Suppose that you and your spouse are healthy 63-year-olds with savings, or a pension, that will generate $35,000 in income per year. In addition, you have Social Security income to support your retirement lifestyle. You are ready to leave your jobs, but are unsure as to whether or not you have quite enough money socked away. You’d feel a lot better about retirement if you had an extra $100,000 tucked away in savings.

What if, instead of having to wait until you have saved that amount of money, you could put yourself in a situation where your spending needs for your first three years of retirement were zero? Then you would not need that extra $100,000. How can you do that, you ask?

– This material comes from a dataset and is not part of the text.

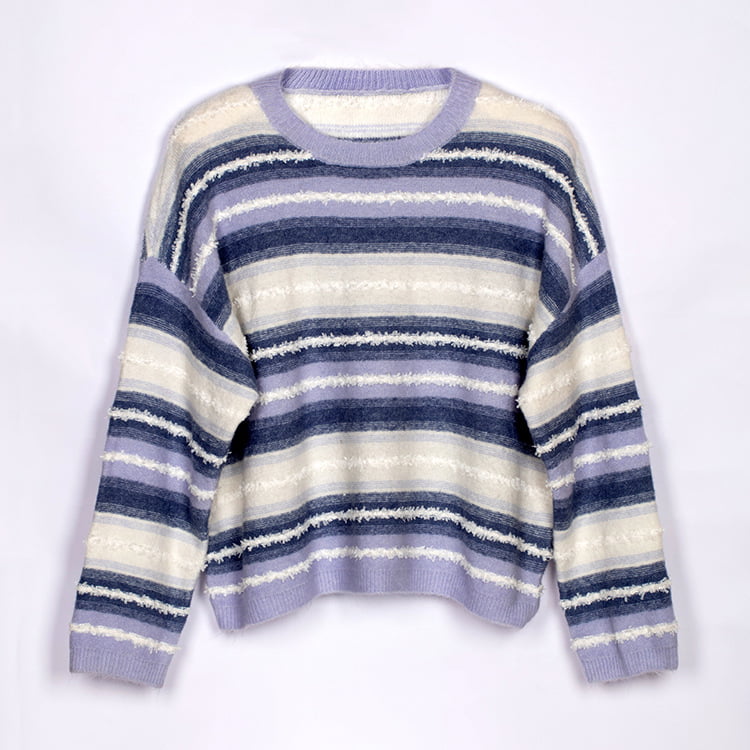 SM-K0047 csíkos színátmenet, édes patchwork laza, kerek nyakú kötött pulóver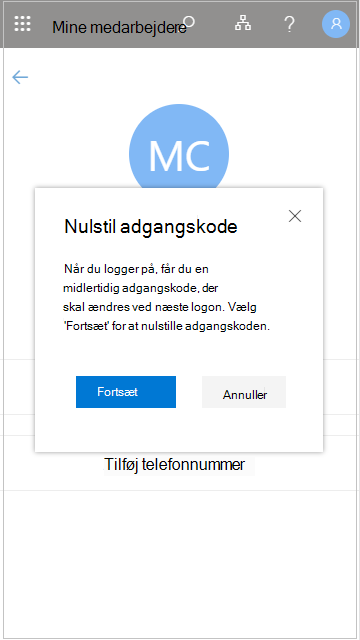 Nulstil en brugeradgangskode i Mit personale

By becoming a Peace Corps volunteer.

No Bills Equals Savings
Before leaving for your host country, you’ll get things in order by selling your car (no car insurance, payment, taxes or maintenance costs), renting out your house with utilities, including heating oil, not included (to cover the mortgage if you have one). You can use the rental income from your house to cover furniture storage costs and your property taxes. You will have no bills, meaning your expenses are zero. That $35,000 per year you thought you needed for your retirement stays in your account, growing to $105,000 in savings over the course of three years. On top of this, your social security is deferred for an additional three years. This means that when you do begin receiving social security payments, the check value increases by about 15 percent for the rest of your life.

Reasons to Join
Let’s be clear: financial reasons should not be your primary motive for joining the Peace Corps. It’s not an easy job. Their tag line is, “It’s the toughest job you’ll ever love.” You should only join the Peace Corps if you want have a desire to serve your country and help the people of a developing nation. But if this appeals to you, and you are reasonably healthy and have some useful job skills, they would love to have you.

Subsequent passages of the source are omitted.